Additionally, January U.S. existing home sales declined by 4.9% month-over-month, compared to expectations of a 2.6% drop, as mortgage rates rose. Sales fell the most in the West and South, partly due to destructive wildfires and severe winter weather.

With markets struggling all week and entering the seasonally weakest period of the year, traders are increasingly concerned with the soft data points, as indexes slump despite the S&P’s recent all-time high.

In the end, nothing worked for the bulls. Multi-trillion-dollar options expirations, China’s discovery of a new coronavirus, and the upcoming elections in Germany this weekend all contributed to major indexes closing lower for the week.

These factors pulled down the U.S. Macro Surprise Index, which neared six-month lows, with the much-feared “stagflation” premise reappearing. The most shorted stocks were slammed to five-week lows, while the mega-tech sector retreated to its recent trading range. Bond yields headed lower as rate-cut expectations rebounded from their recent sell-off.
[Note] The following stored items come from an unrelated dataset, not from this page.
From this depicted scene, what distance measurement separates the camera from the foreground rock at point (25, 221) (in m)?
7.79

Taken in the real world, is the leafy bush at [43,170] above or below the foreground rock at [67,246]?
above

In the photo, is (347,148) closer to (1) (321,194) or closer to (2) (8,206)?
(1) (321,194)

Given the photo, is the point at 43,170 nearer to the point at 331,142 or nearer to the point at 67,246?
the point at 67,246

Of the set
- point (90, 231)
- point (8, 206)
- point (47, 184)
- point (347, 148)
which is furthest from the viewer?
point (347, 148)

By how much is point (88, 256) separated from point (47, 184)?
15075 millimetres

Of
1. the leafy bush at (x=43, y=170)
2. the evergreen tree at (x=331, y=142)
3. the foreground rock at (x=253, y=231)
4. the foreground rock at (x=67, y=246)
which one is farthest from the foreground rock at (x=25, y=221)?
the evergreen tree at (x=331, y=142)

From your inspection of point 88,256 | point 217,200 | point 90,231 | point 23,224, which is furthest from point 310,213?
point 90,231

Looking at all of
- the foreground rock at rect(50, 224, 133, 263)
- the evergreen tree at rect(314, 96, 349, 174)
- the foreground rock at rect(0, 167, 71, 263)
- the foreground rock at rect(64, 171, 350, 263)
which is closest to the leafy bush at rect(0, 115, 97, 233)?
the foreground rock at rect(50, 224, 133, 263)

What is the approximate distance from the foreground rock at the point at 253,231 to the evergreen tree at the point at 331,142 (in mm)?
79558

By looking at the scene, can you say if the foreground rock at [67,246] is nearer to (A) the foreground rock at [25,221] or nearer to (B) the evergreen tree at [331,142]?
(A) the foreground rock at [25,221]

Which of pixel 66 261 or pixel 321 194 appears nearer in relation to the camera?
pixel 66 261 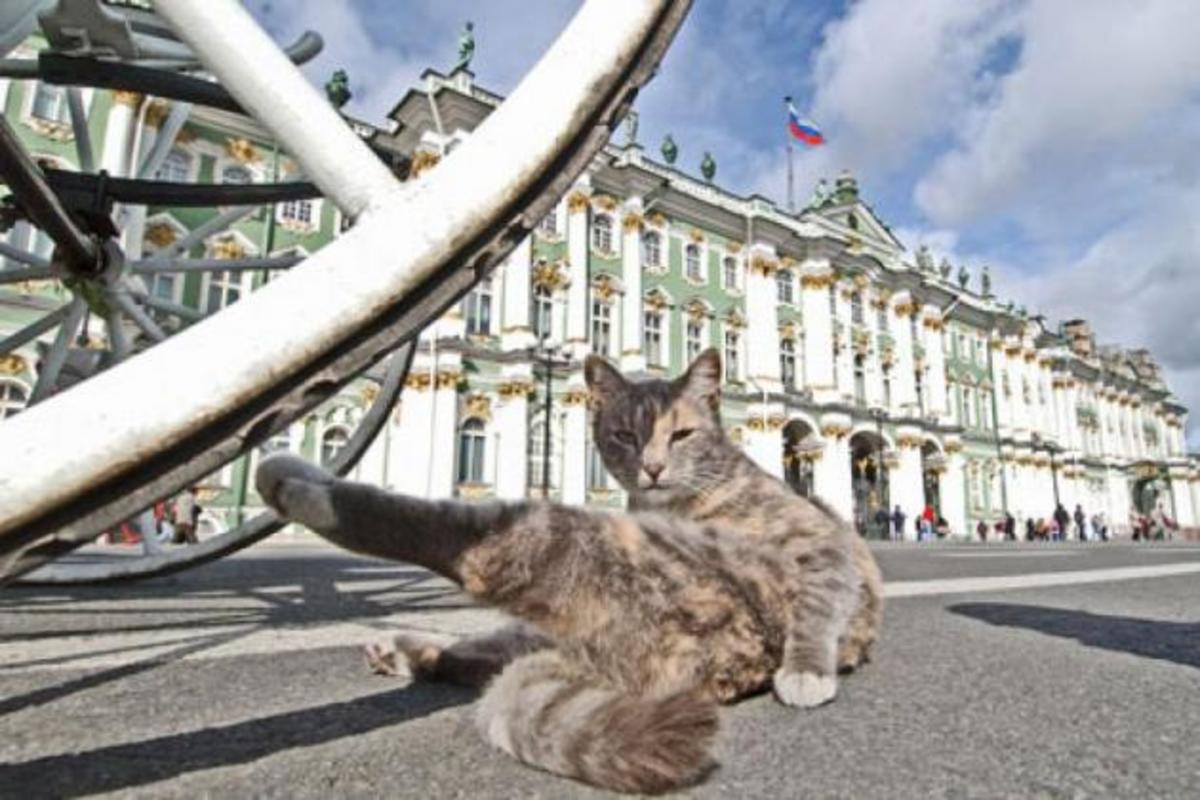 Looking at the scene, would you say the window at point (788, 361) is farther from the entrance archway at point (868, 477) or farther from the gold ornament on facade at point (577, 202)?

Gold remained the unshakable asset class, closing higher for the eighth straight week while scoring a new record high. The dollar lost momentum and dropped, while Bitcoin suffered a similar fate, crossing $99k to the upside before the China news pulled the rug out from early bullish sentiment.

As Zero Hedge pointed out, Bitcoin follows global liquidity and may have more downside momentum left before racing back into record territory.